The Cross at the Heart of the World
Whoever wishes to be great among you shall be your servant.
Matthew 20:28
Christ had promised “Truly I say to you, in the new world, when the Son of Man shall sit on His glorious throne, you who have followed me will also sit on twelve thrones, judging the tribes of Israel.” This promise the mother of James and John knew, but she had one further request; that her sons should have first place in that new world, sitting on the right hand and the left hand of the throne of the Messiah.
James and John stood with their mother, for it was to them that Jesus said: You do not know what you are asking. Can you drink the chalice that I am going to drink? When they replied that they could Jesus acknowledged their future, for He knew both would die for His name, but He also warned that the privilege of sitting at His right and left was known only to the Father, which was consistent with Jesus’ repeated claim that He did not know the day or the hour.
Jesus did not rebuke directly the brothers for their desire, or better, the desire of their mother, but the other ten grew indignant that the brothers had made such a request, perhaps because they had their own ambitions regarding the right order in the new world. But then Jesus said in effect, This is not the question, for in fact authority in my kingdom is not the authority of place and power and security but the authority of sacrifice, self-giving, and adventure. Greatness comes from the gift of self to others, not from lording it over one another as the Greeks do, but from taking the lowest place and seeking to serve best.
The Lord offers Himself as the everlasting model. His was a unique vocation, to make atonement for the sins of the world. In this the Church participates, for we like Paul are called to fill up the sufferings of Christ (Colossians 1:24), but no person but the Son of God can make the great offering.
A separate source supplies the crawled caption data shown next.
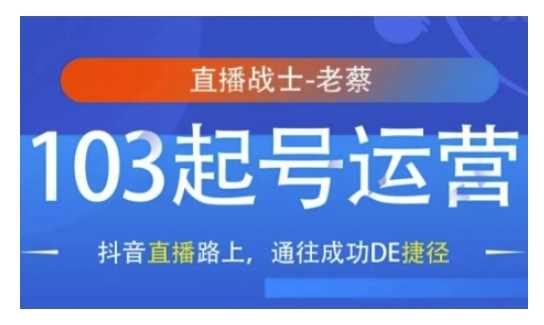 抖音直播103起号运营，抖音直播路上，通往成功DE捷径-温馨分享网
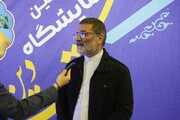 دومین آیین «مهر سینمای ایران» در قم برگزار می‌شود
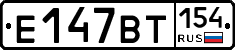 %D0%95147%D0%92%D0%A2154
Yet each of us has an offering to make, an offering formed by our state in life, by our vocation, by our circumstances, and the heart of the matter is our ability to make a gift to the world of persons and projects and objects through which we move.
“The Son of Man did not come to be served but to serve others and to give His life as a ransom for many.“ The power of that sacrifice was not in Jesus’ giving away His life, nor in His having it taken from Him, but in giving it for something great, the salvation of the human race, out of obedient love for His Father. This text is surely illuminated by Jesus’ action on the night in which He was betrayed, when He the Lord of All knelt before the disciples and washed their feet, saying, “If I then, your Lord and Teacher, have washed your feet, you also ought to wash one another’s feet. For I have given you an example.”
These are words that while they gentle the world are addressed first to everyman as an invitation to humility. Fulfilling that vocation to the life of service is not in the first instance what we do or do not do to others, but about how we think of ourselves in relation to them. Part of conversion to the way of Christ is the ability to see everyman as a a fellow-pilgrim possessed of moral and other excellences for which we should praise God, to know ourselves as sinners, commanded to have a heart for the other, for this is surely what the command to love our neighbor as we love our selves means at the least.
The point of Gospel humility is not the sterile immolation of self but the good of the other or the object. If a grain of wheat dies, it gives much life, it is a gift to someone or to something that enriches life. Sacrifice, giving up one’s life, is not always or even often dramatic action but is bending the will to the duties of our state in life with love. It is not easy to see the cross behind the actions of faithful spouses, caring parents, all those fullfillers of obligations that may be onerous, but the cross is there; remove it and the resulting chaos will attest its power. And for every supernatural act there is an natural analogue. It could be argued effectively that the greatest human enterprises are those led by one who gives himself up to the enterprise and sees those who share with him in the work as objects of his care. The Greek “to serve” also means “to provide for.” Love, as Saint Paul says, “seeketh not its own.”
In this day’s Gospel Jesus told the Twelve that he was going to Jerusalem to die, “They will condemn Him to death, and hand him over to the Gentiles to be mocked and scourged and crucified, and He will be raised on the third day” (Matthew 20:18–19). And indeed this happened; He was raised and ascended to His Father. And when the door opened in heaven and the Prophet John saw the Lamb, He stood in glory but as one having been slain (Revelation 4:1, 5:6). The sacrifice of love goes on while the world lasts.